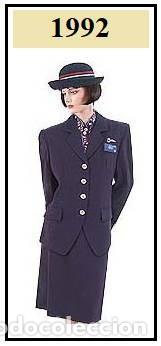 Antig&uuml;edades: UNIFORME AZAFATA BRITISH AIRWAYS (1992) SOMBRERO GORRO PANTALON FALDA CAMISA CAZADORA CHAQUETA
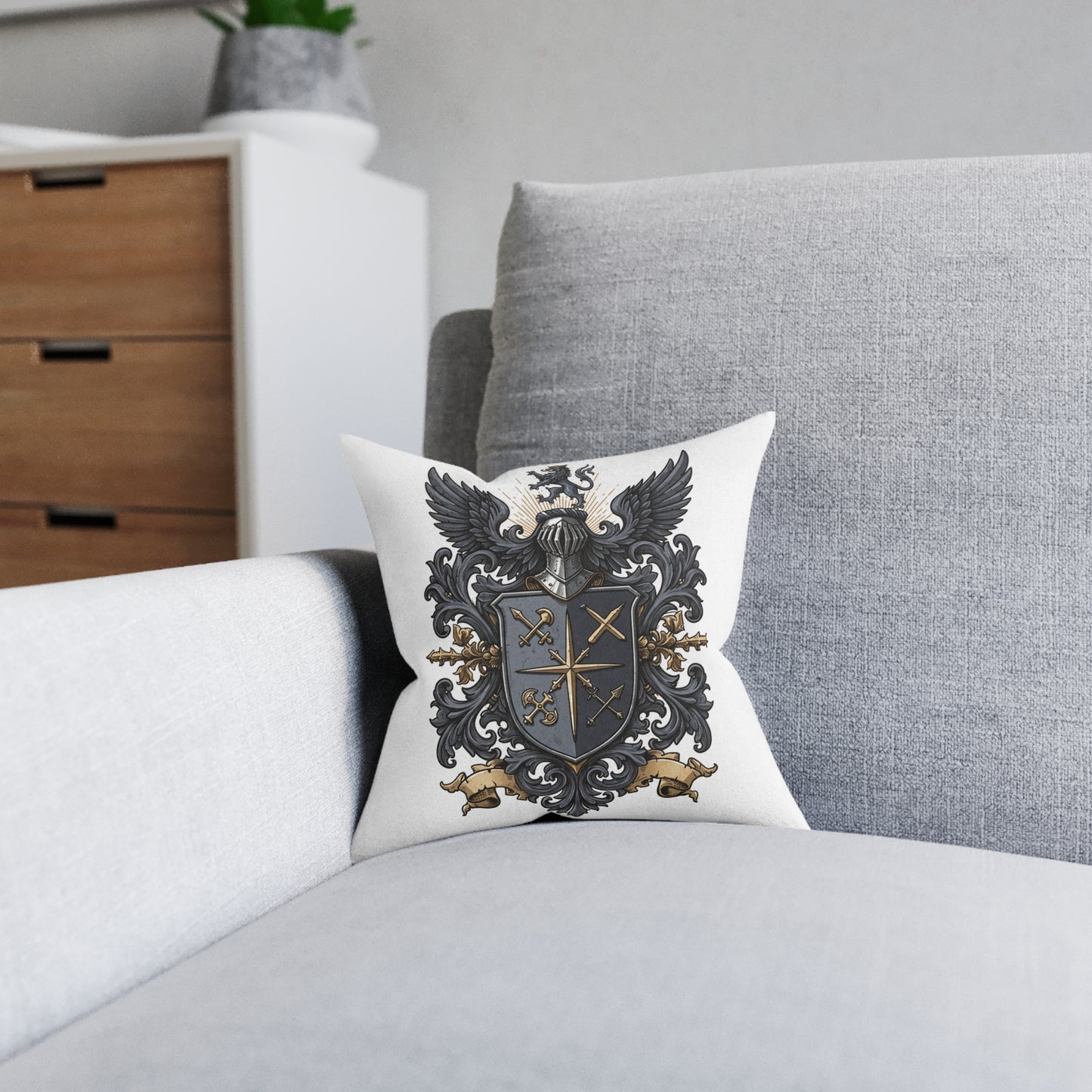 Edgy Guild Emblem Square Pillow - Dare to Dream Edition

* * *

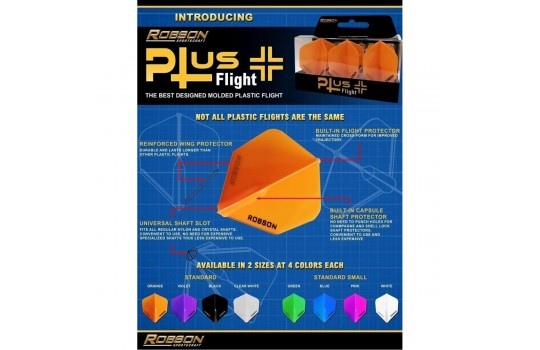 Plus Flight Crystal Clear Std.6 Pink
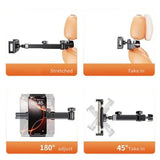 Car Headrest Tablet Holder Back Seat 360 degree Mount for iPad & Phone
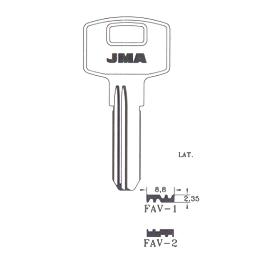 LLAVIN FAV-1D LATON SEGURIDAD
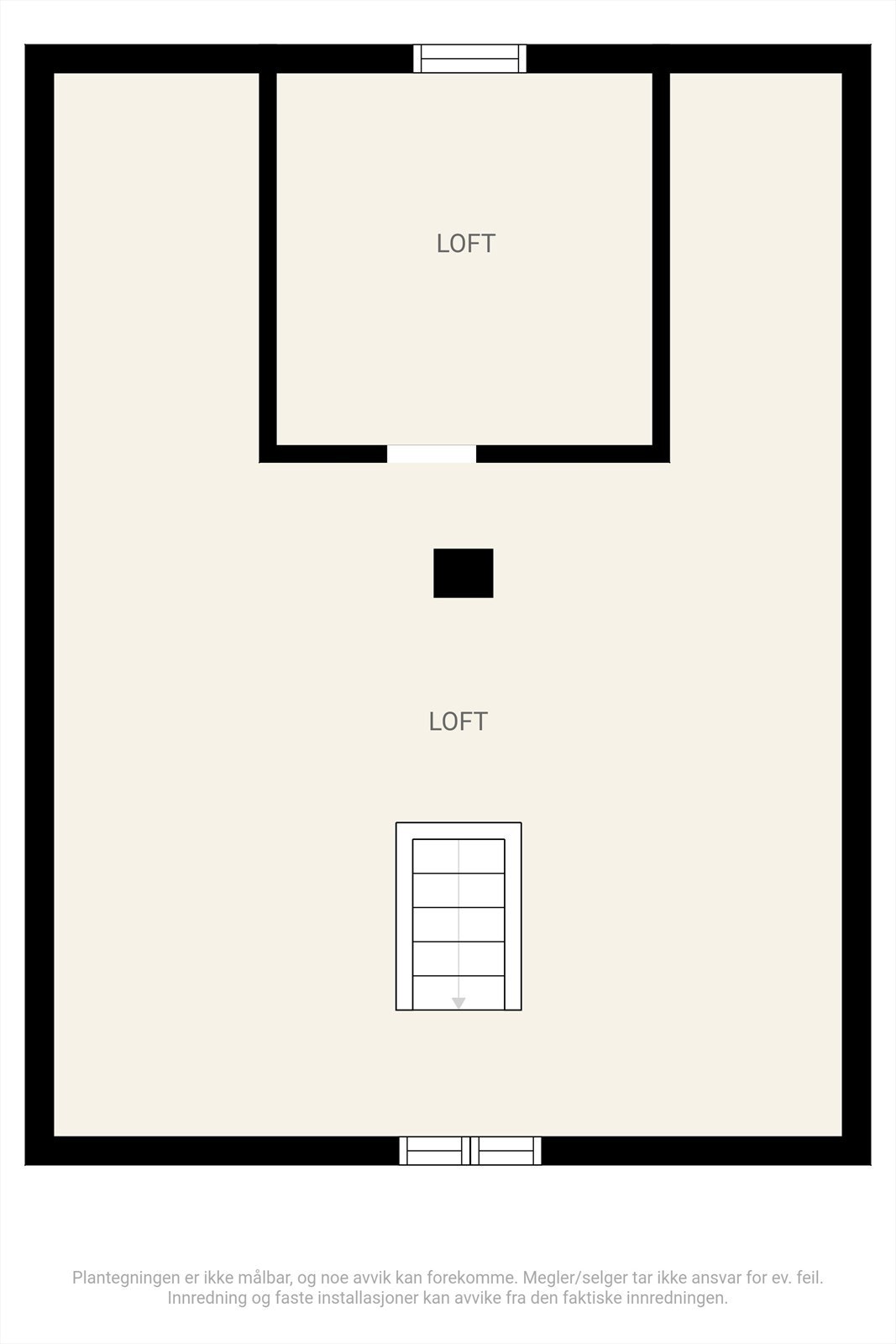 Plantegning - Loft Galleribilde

▸ **Task directions**: Once the line with "Plus Flight Crystal Clear Std.6 Pink" is found above, transcribe each line from it through the line with "Plantegning - Loft Galleribilde", exactly, and omit the pictures.

▸ **Task answer**:
 Plus Flight Crystal Clear Std.6 Pink
 Car Headrest Tablet Holder Back Seat 360 degree Mount for iPad & Phone
 LLAVIN FAV-1D LATON SEGURIDAD
 Plantegning - Loft Galleribilde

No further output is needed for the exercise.